• [What the task asks]:
Beginning at the line that contains "H&H Women's EVA Jandals, Black, hi-res" and finishing at the line that contains "Cupcake Pattern Print", output the data below exactly. Include both end lines and no pictures.

• [Information]:

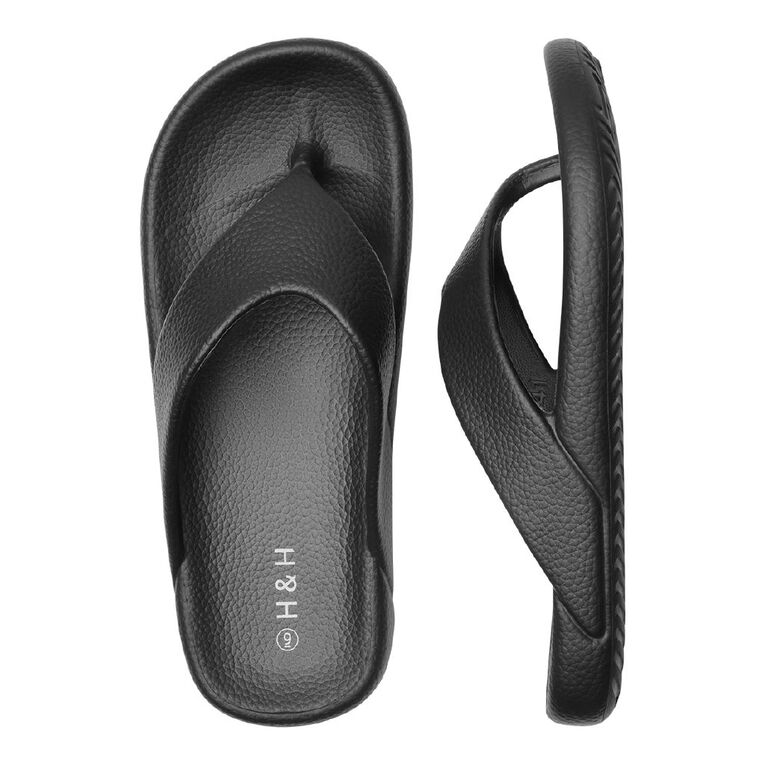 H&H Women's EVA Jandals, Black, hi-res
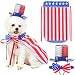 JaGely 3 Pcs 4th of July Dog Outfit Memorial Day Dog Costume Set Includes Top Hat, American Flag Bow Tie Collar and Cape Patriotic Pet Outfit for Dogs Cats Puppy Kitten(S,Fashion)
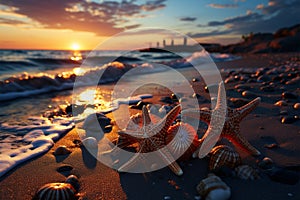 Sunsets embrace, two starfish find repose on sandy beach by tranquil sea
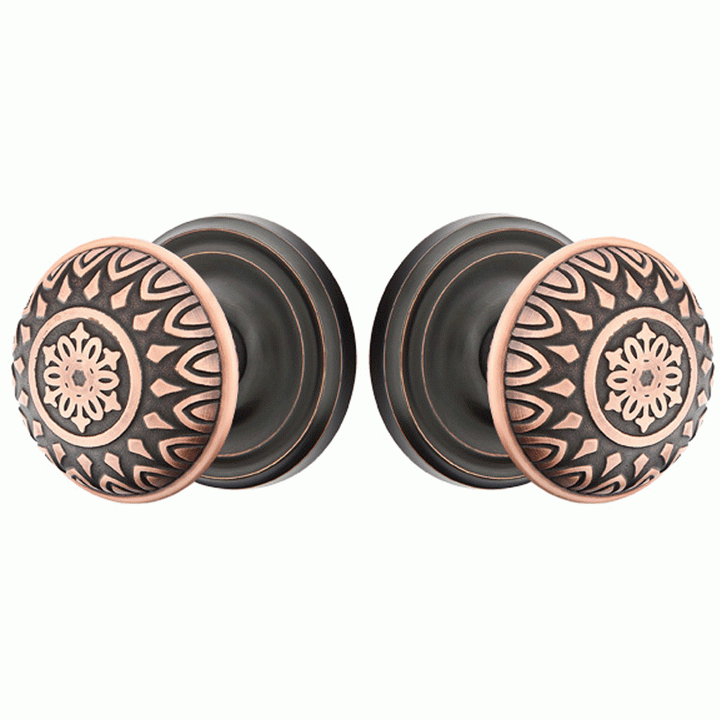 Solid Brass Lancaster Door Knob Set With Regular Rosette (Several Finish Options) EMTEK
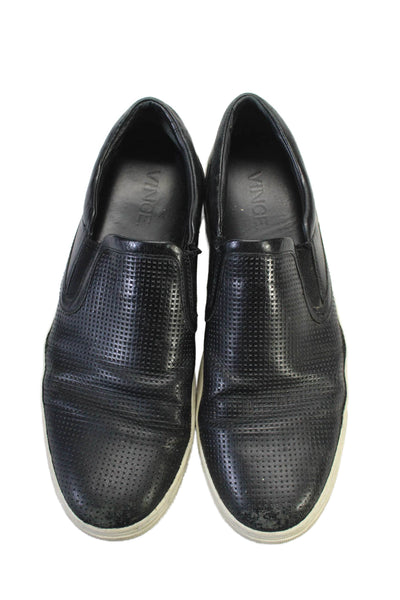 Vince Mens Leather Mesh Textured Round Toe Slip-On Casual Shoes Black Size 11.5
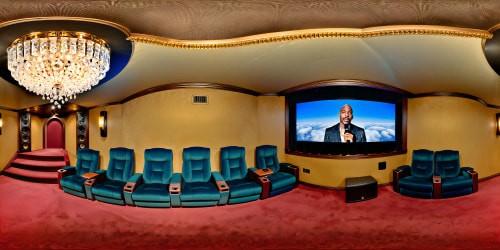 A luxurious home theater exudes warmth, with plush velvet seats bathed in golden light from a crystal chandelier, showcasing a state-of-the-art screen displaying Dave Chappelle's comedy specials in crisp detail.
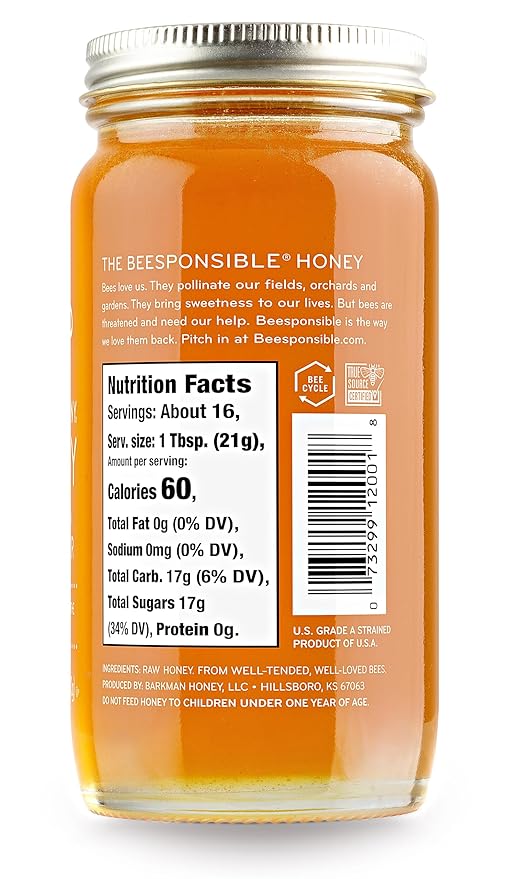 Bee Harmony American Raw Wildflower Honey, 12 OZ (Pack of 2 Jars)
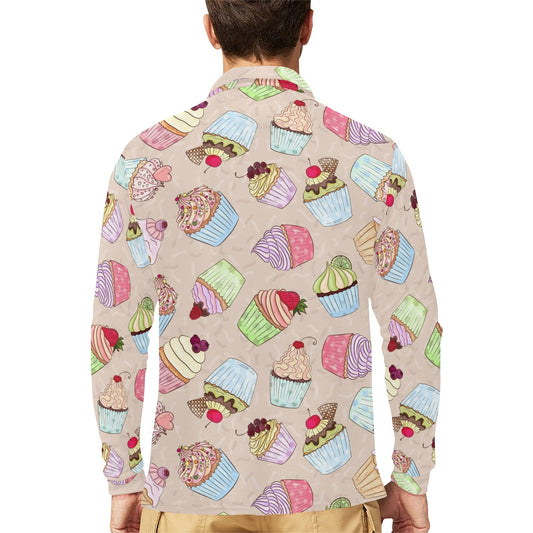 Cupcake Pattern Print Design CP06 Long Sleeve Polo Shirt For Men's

* * *

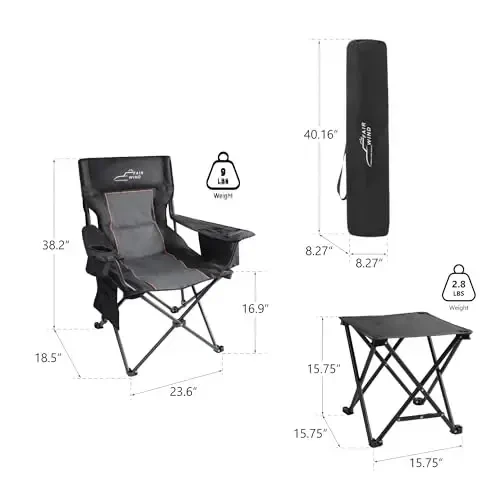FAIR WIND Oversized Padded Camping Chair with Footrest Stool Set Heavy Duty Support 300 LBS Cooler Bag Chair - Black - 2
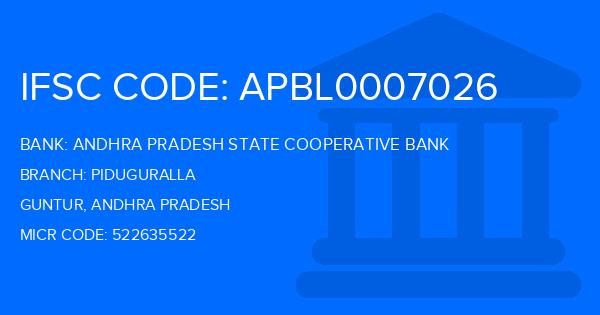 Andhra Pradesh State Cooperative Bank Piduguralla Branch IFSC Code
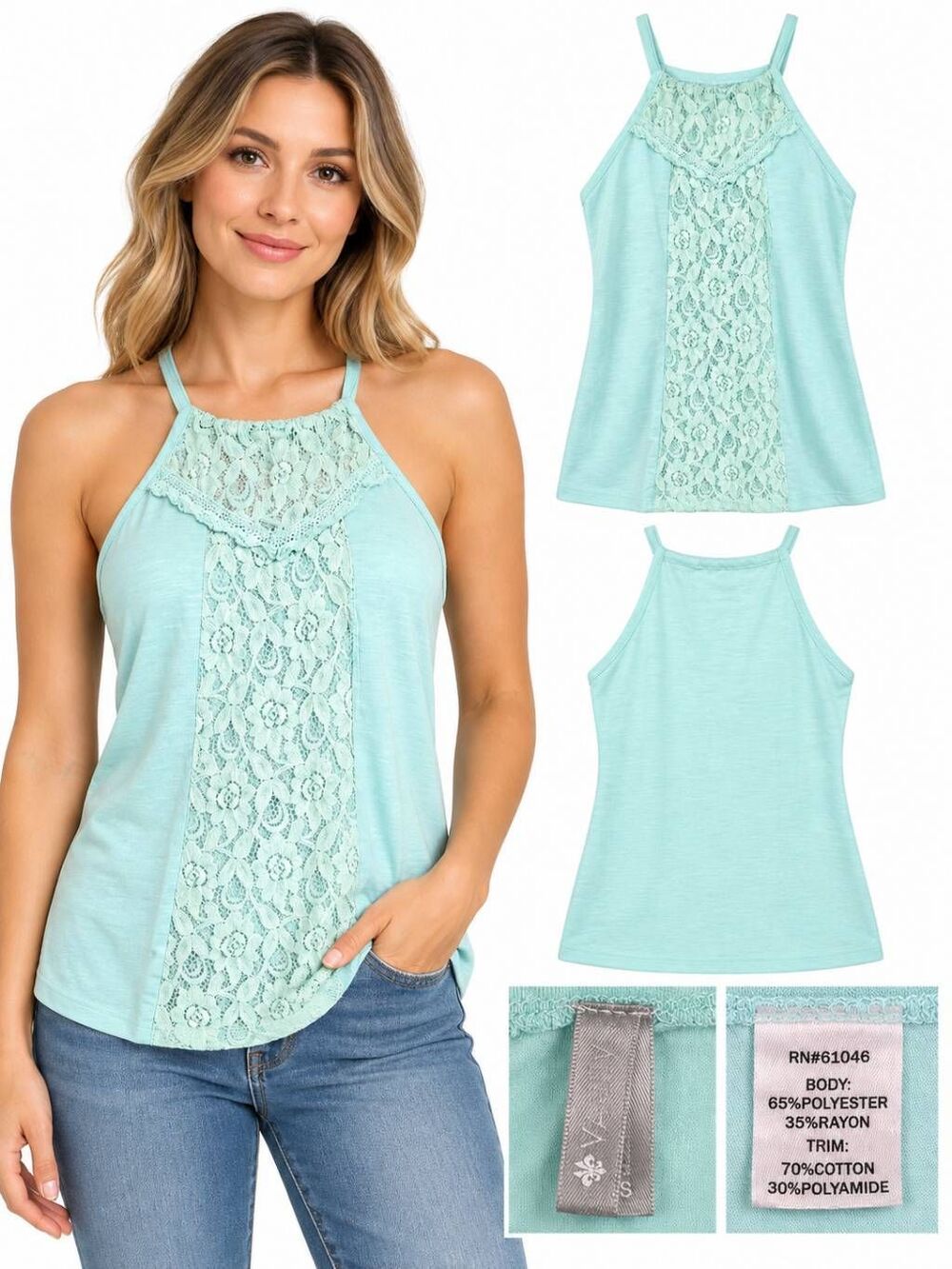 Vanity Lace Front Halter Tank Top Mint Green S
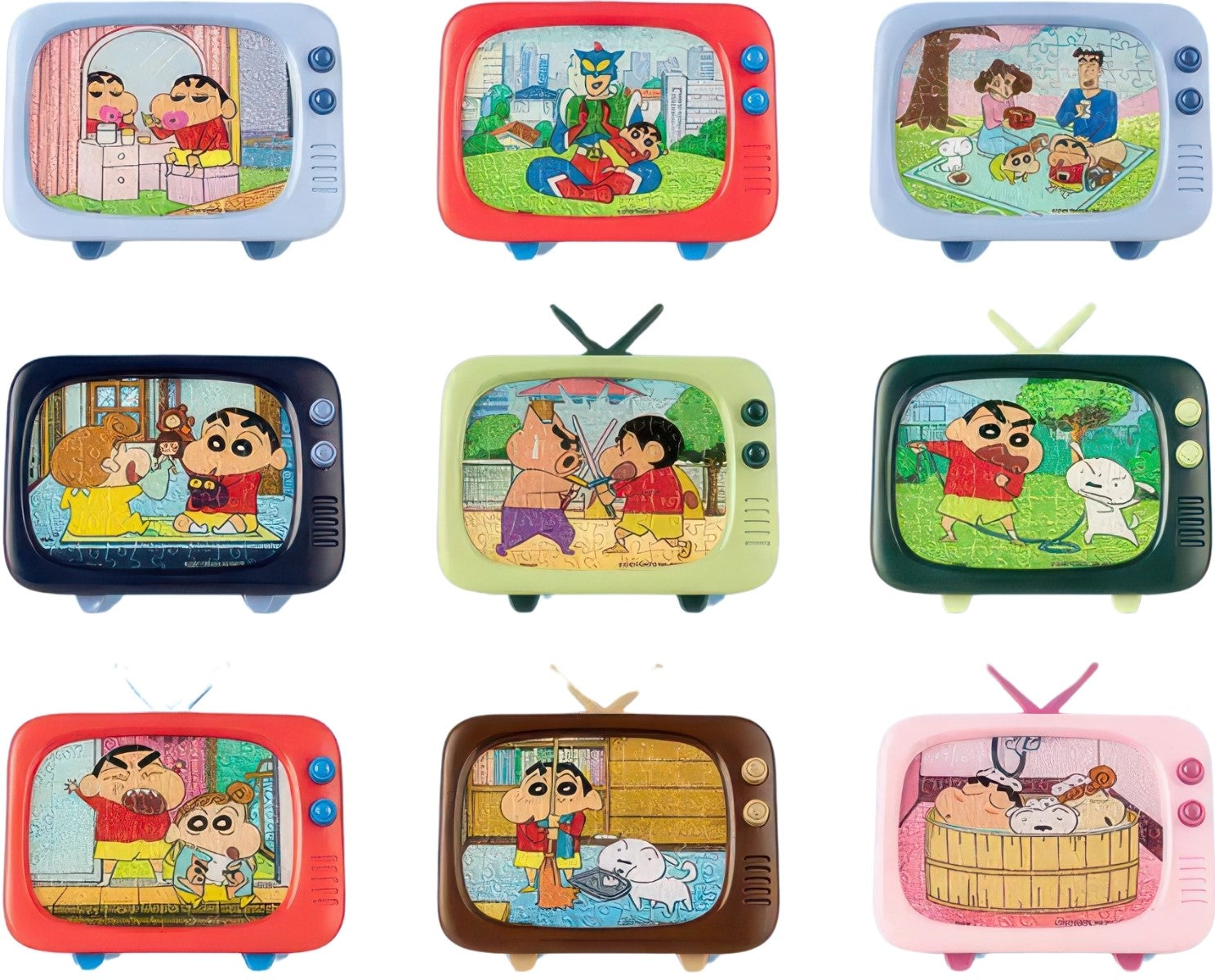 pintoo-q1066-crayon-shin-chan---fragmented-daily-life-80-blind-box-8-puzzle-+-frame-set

• [Result]:
 H&H Women's EVA Jandals, Black, hi-res
 JaGely 3 Pcs 4th of July Dog Outfit Memorial Day Dog Costume Set Includes Top Hat, American Flag Bow Tie Collar and Cape Patriotic Pet Outfit for Dogs Cats Puppy Kitten(S,Fashion)
 Sunsets embrace, two starfish find repose on sandy beach by tranquil sea
 Solid Brass Lancaster Door Knob Set With Regular Rosette (Several Finish Options) EMTEK
 Vince Mens Leather Mesh Textured Round Toe Slip-On Casual Shoes Black Size 11.5
 A luxurious home theater exudes warmth, with plush velvet seats bathed in golden light from a crystal chandelier, showcasing a state-of-the-art screen displaying Dave Chappelle's comedy specials in crisp detail.
 Bee Harmony American Raw Wildflower Honey, 12 OZ (Pack of 2 Jars)
 Cupcake Pattern Print Design CP06 Long Sleeve Polo Shirt For Men's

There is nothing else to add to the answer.